Fortaleza para cumplir eficazmente nuestros deberes: prestando una ayuda
incondicional a quienes dependen de nosotros, exigiendo de forma amable y con
la firmeza que cada caso requiera... El don de fortaleza se convierte así en el
gran recurso contra la tibieza, que lleva a la dejadez y al aburguesamiento.
El don de fortaleza encuentra en las dificultades unas
condiciones excepcionales para crecer y afianzarse, si en estas situaciones
sabemos estar junto al Señor. «Los árboles que crecen en lugares sombreados y
libres de vientos, mientras que externamente se desarrollan con aspecto
próspero, se hacen blandos y fangosos, y fácilmente les hiere cualquier cosa;
sin embargo, los árboles que viven en las cumbres de los montes más altos,
agitados por muchos vientos y constantemente expuestos a la intemperie y a
todas las inclemencias, golpeados por fortísimas tempestades y cubiertos de
frecuentes nieves, se hacen más robustos que el hierro»10.
Este don se obtiene siendo humildes –aceptando la
propia flaqueza– y acudiendo al Señor en la oración y en los sacramentos.

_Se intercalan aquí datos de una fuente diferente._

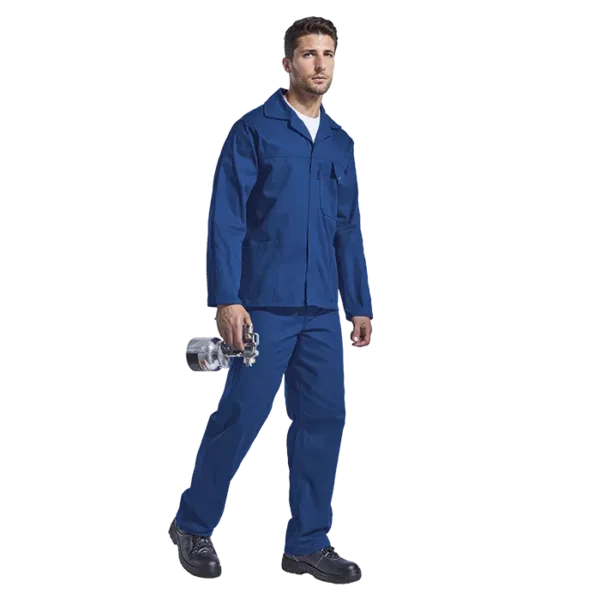 Barron Supreme 100% Cotton Conti Suit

El sacramento de la Confirmación nos fortaleció para
que lucháramos como milites Christi11, como soldados de Cristo. La Comunión –«alimento para ser
fuertes»12– restaura nuestras energías; el sacramento de la Penitencia
nos fortalece contra el pecado y las tentaciones. En la Unción de los enfermos,
el Señor da ayuda a los suyos para la última batalla, aquella en la que se
decide la eternidad para siempre.
El Espíritu Santo es un Maestro dulce y sabio, pero
también exigente, porque no da sus dones si no estamos dispuestos a pasar por
la Cruz y a corresponder a sus gracias.
1 Ex 3,
12. —
2 Lc 24,
29. —
3 Flp 4,
13. —
4 Rom 8,
31-39. —
5 Cfr. 1
Cor 1, 27-29. —
6 Mt 5,
6. —
7 R.
Garrigou-Lagrange, Las tres edades de la vida
interior, Palabra, 2ª ed., Madrid 1978, vol. II, p. 594. —
8 Santo
Tomás, Comentario sobre San Mateo, 5, 2. —
9 Santa
Teresa, Camino de perfección, 21, 2. —
10 San
Juan Crisóstomo, Hom. sobre la gloria en la Tribulación.
—
11 Cfr. 2
Tim 2, 3. —
12 Cfr. San
Agustín, Confesiones, 7, 10.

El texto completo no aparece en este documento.